The gap is almost never about the technology

It’s tempting to assume that the 44-point gap between intent and execution is a technology problem – that the AI tools aren’t quite ready, or the use cases aren’t proven, or the integration is too hard. None of those explanations really hold up.

The tools are mature. Multiple credible vendors offer underwriting AI products that work. The use cases are well documented. McKinsey reports cases where AI-enabled underwriting has cut quoting times[5] from more than a month to a matter of days, and in some commercial lines from days to hours. The integration challenges are real but solvable – similar challenges have been solved in other heavily regulated sectors.

What stops most insurers isn’t the model. It’s the data the model would need to be useful, and the state that data is in.

This is the part that doesn’t fit neatly into a board paper. It’s much easier to commit to “implementing AI” than to commit to “spending eighteen months bringing our policy data, claims data, customer data, and document archives into a state where AI could actually do something with them.” The first sounds strategic. The second sounds like overhead. But the first depends entirely on the second, and in most insurance organisations, the second hasn’t been done.

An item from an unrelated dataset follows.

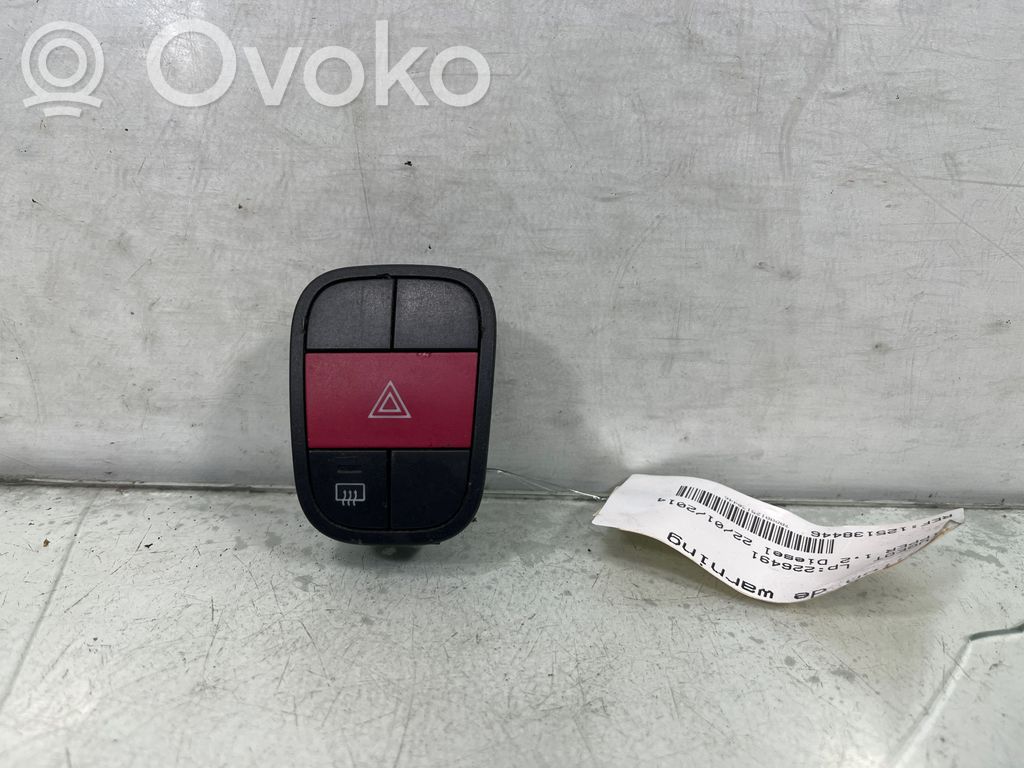Peugeot Bipper Hätävilkkujen kytkin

Why insurance data is uniquely difficult

Insurance has a structural data problem that other sectors don’t have to the same degree.

Insurers tend to run on systems that have accumulated over decades, often through mergers, demergers, line-of-business expansions, and the various technology transitions that come with each. Policy administration systems live alongside claims platforms, which live alongside CRM systems, which live alongside actuarial environments, which live alongside the document management systems where the actual unstructured information about a risk – broker submissions, surveys, correspondence, supporting evidence – tends to sit. None of these were designed to talk to each other in the way modern AI workflows would expect.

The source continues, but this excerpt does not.